O trem continuava a movimentar-se por entre as nuvens, sacudindo os esqueletos de areia e sal...

Aquele corpo de música tirava notas de ossos de flauta. Inundavam sua mente recém-desperta. E a Luz a esperava para caminharem juntos. Faria esse esforço, por duas noites consecutivas, Ele veio vê-la, através da neblina.

A consciência, atenta como um renascentista. Ele estava do outro Lado à sua espera - tempo, o caminho a percorrer. Pedaços de vida, as mensagens para os olhos Dele. Ela escrevia desde sempre... Tudo o que era Verbo antes de conhecerem-se, apenas Ele compreendia. Acordavam tão conscientes que enxergavam até o Invisível.

Os acontecimentos seguintes seriam deitados a guisa das coisas. À horizontal parecia tudo mais eficaz, posto que as linhas imaginárias se entrecruzavam, teciam o manto do enlace noturno.

O amor promove revoluções e o despertar das idades. As borboletas, as borboletas... olhos-de-mel sobre Ela, um enigma de formas e sentimentos. O Antigo Idioma novamente proferido. Graças ao tempo de nascimento, Ela o absorvia.

Amavam-se sem que os mortais os compreendessem. Duas mãos: duas penas, a mesma folha. O entendimento – o grande circulo, o Antigo Idioma, um carvalho.

O Silêncio...
O Mar...
O vento...
As Árvores...
A Música inaudível...

O Amor cartografando um mapa de Luz sobre suas próprias frontes. Era a maneira Dele dizer-lhe “eu te amo”.
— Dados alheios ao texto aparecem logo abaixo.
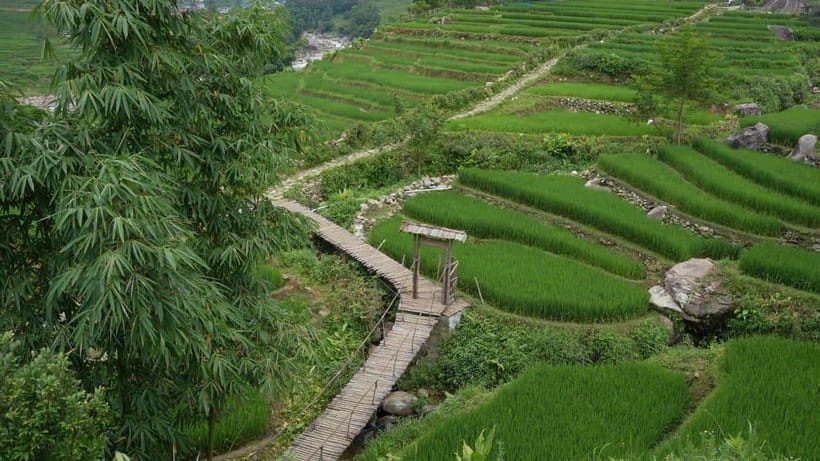 Easy Trek in Sapa mountain : Y Linh Ho - Lao Chai - Ta Van - Starting at Hoang Van Thu and leaving Sapa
“Navegava naquele rio vermelho. Suas artérias e vasos cediam-me a passagem. Cambaleei algumas vezes, mas sempre encontrava o caminho de volta”.

O terreno era arenoso em algumas partes. O silêncio ditava os atalhos e as conversas internas. Vários seres povoavam aquele Lugar, Eu era agora um deles (eternamente agora). Enxergava através de seus olhos de vidro na minha mente, contemplávamos um para dentro do outro.

Vi aquelas crianças-verdes saindo dos cascalhos das árvores. Vi o pássaro-amigo e também o pássaro-negro. Este, através da melodia rangida pelos meus ossos, afastou-se Dele para todo sempre! Minha sombra o protegeria de agora em diante, (o meu Amor).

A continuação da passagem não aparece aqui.